**Instructions to follow:**
When you repeat the material, keep each line exact and omit the pictures.

**Supplied information:**

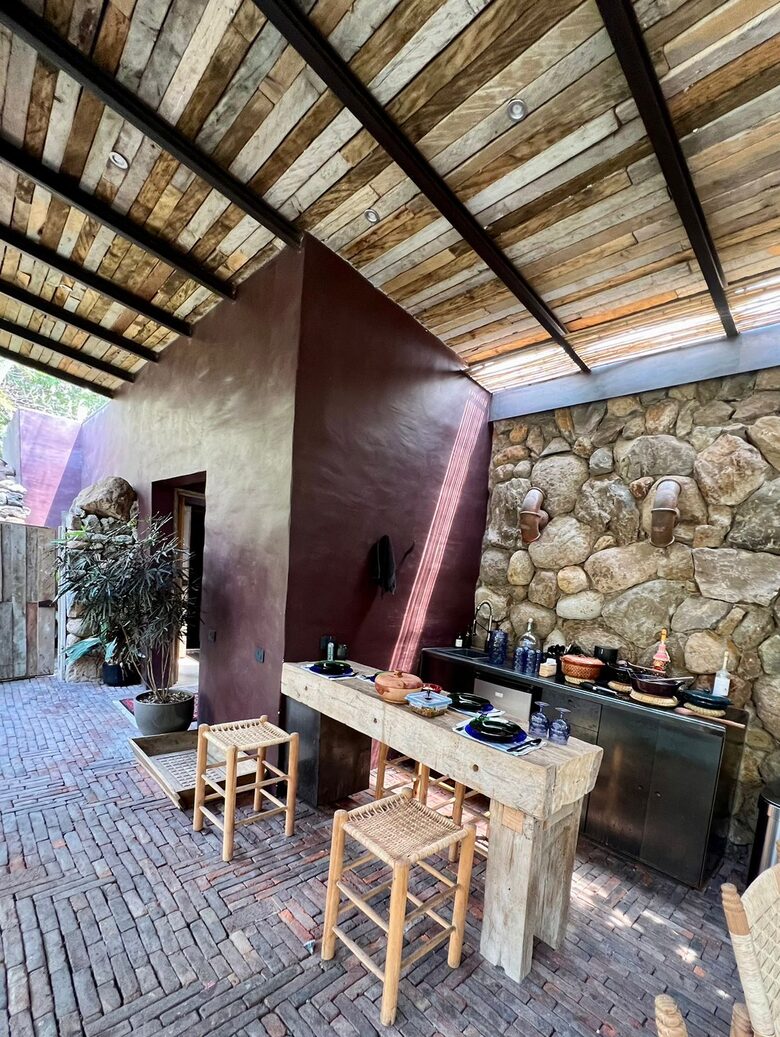 Outdoor terrace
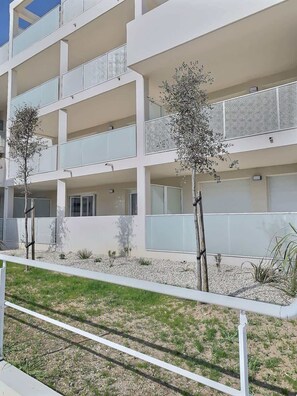 Exterior - Loggia Verde – Charming studio 450 m from the sea (Sérignan)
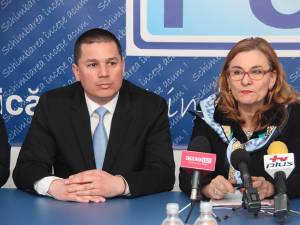 Preşedintele Organizaţiei Judeţene Suceava a PC, deputatul Cezar Cioată, şi vicepreşedintele PC, deputatul Maria Grapini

**Solution for this problem:**
 Outdoor terrace
 Exterior - Loggia Verde – Charming studio 450 m from the sea (Sérignan)
 Preşedintele Organizaţiei Judeţene Suceava a PC, deputatul Cezar Cioată, şi vicepreşedintele PC, deputatul Maria Grapini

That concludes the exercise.